Observando los libros expuestos se puede leer el pasado del Irsk. La última novedad son las obras escritas por jurisconcultos y dignatarios chiís, sobre la religión musulmana, sobre la república islámica de Irán, que antes del derrocamiento de Sadam Hussein nadie se atrevía a exponer en esta fería, otra vez muy concurrida.

Me han sorprendido libros sobre los judíos -Bagdad había tenido una floreciente comunidad judía, algunas de cuyas vetustas casas en la orilla del Tigris están retratadas en imágenes aún colgadas en mi hotel, el hotel Mansur- y sobre el estado de Israel. La exhibición de portadas de revistas de desnudos femeninos, el despliegue de los numerosos periódicos y diarios que han florecido en Bagdad, han encontrado su hueco entre los montones de libros de la calzada, y los libros dispuestos ordenadamente en las mesas.

La historia reciente de su sistema de gobierno periclitado se refleja aun con libros sobre Stalin, Tito, el Che Guevara. Junto a los Coranes lujosamente encuadernados, a las biografías de los héroes históricos como Saladino se venden libros acerca de Sadam Hussein, colecciones de monedas acuñadas con su efigie, además de DVD sobre su vida grabados en el extranjero.

Quedan menos libros en lenguas extranjeras -incluso se vendían en Bagdad libros en español- pero todavía hay obras de la literatura moderna europea. Compré un deslomado ejemplar de cartas escogidas de Gertrude Bell, la famosa inglesa, aventurera, diplomática que intervino en la fundación del reino árabe de Irak, con la dinastía suní de los hachemitas, después de la Primera Guerra Mundial.
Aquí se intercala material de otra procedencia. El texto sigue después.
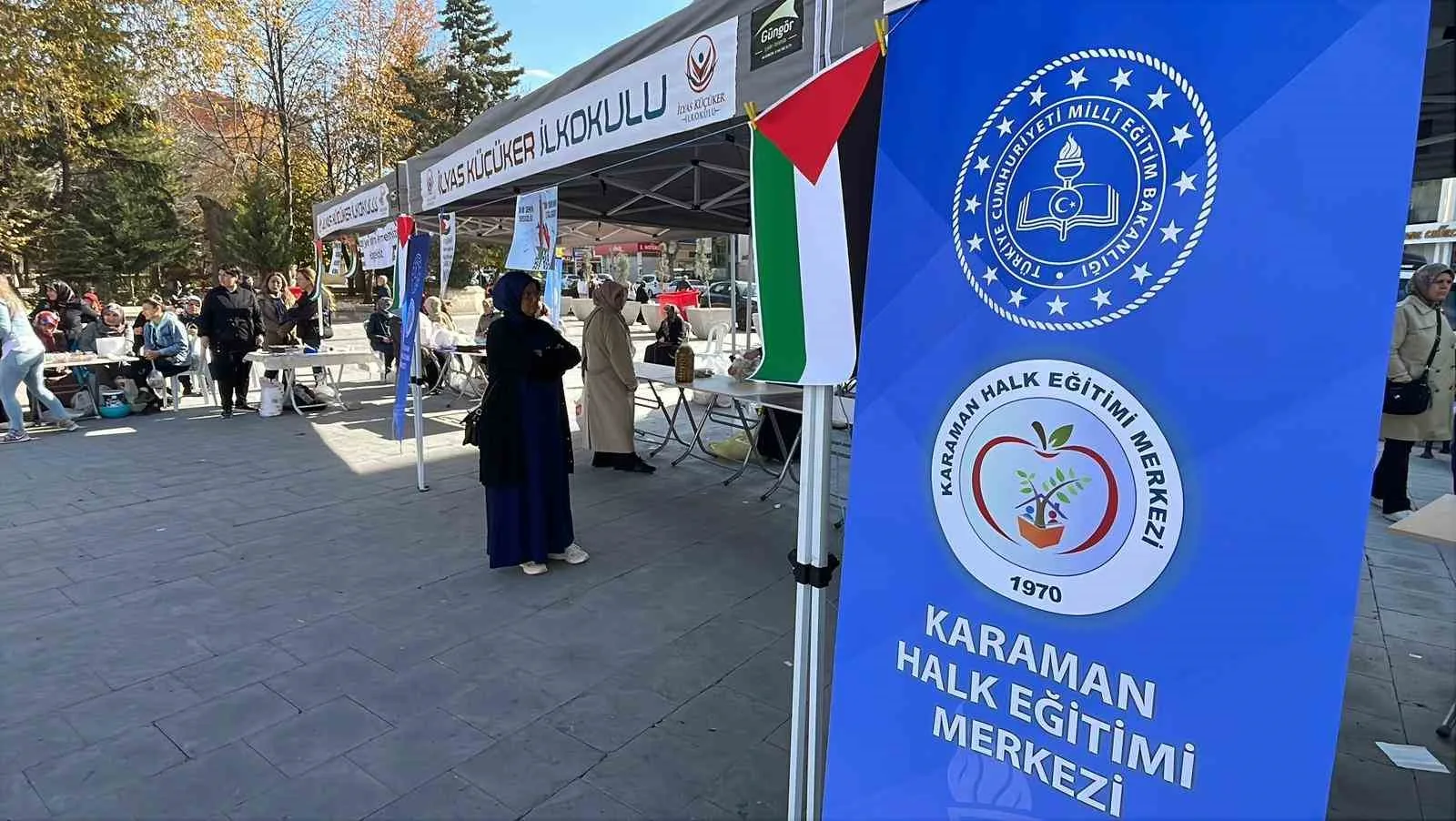 Karaman’da Gazze Yararına Düzenlenen Hayır Panayırına Yoğun İlgi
En este oasis bien vigilado, cerca del bullicioso y sucio zoco de Chorja, deambulan desahogadamente los compradores. Al final de la calle, cerca de la orilla del Tigris, con la estatua de Al Mutanabi, el café de largos bancos de madera, y de paredes cubiertas con retratos de hombres de letras y artistas, un café de escritores y estudiantes -al que por ver primera me condujo hace muchos años un kurdo traductor de obras en español y de novelas de Rodoreda- ha cambiado de nombre. Se llama “Café de los mártires” en memoria de los cinco hijos de la casa que murieron descuartizados por la explosión de un automóvil trufado de cargas de dinamita. El poeta Andel Zahra Kaki ha escito este verso: “No hay nada, solo palabras que queman”. La feria de Al Mutanabi ha renacido de sus cenizas.